S e a r c h

Instructions on how to search the Muffoletta website

Search engine

The search engine is the computer program that searches the website looking for the word (or words) to be searched.  The search engine looks for matches between the word (or words) to be searched and all the words on each page of the website.


To search for all the webpages that contain any word (or words), enter the word (or words) to be searched in the Search String box and then click the "Search" button.  The search engine will then display the information it found, which will include:

  • Title of each page (which is linked, so that clicking on the name will open the page)
  • Date that the page was last updated
  • Size of the page (in kilobytes)
  • Score, which measures how closely the page matches the search request (a score of 1000 is a "direct hit", while lower scores denote lesser relevance).

Searching for several words

Search engines use words like AND and OR and certain other words, which are called operators.  Search engines uses operators to understand and conduct the search when the search involves more than a single word.   Searching for several words on the same page requires one of three possible formats:  put the word AND between each word;  put the word OR between each word;  and put no operator between the words.

NOTE:  There are other operators in addition to AND and OR, but they will not be explained here.

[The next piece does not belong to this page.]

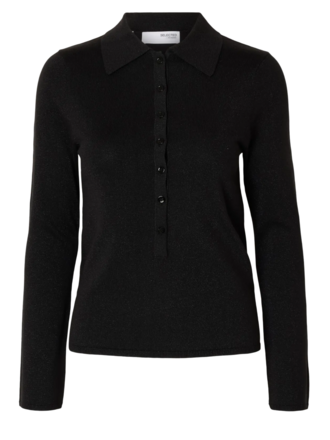 Selected Lura Slim Knit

All words must be on the page

To search for the presence of several words which all must be on the same page, type the word AND between each word.  

For example, suppose that you read somewhere about Progress Grocery (one of the earliest muffoletta sandwich sources in New Orleans).  Searching on the word grocery alone returns six pages.  Searching on the word progress alone returns five pages.  However, searching on the words progress AND grocery returns only one page, which is the only page in the website on which both words appear.

Any of the words must be on the page

To search for the presence of any one of several words on the same page, type the word OR between each word.

In the example above, suppose that you remember only that the page had either the City of New Orleans or the State of Louisiana.  Searching on the words orleans OR louisiana (remember that capitalization does not matter) will locate every page on the website which has either the word New Orleans or the word Louisiana.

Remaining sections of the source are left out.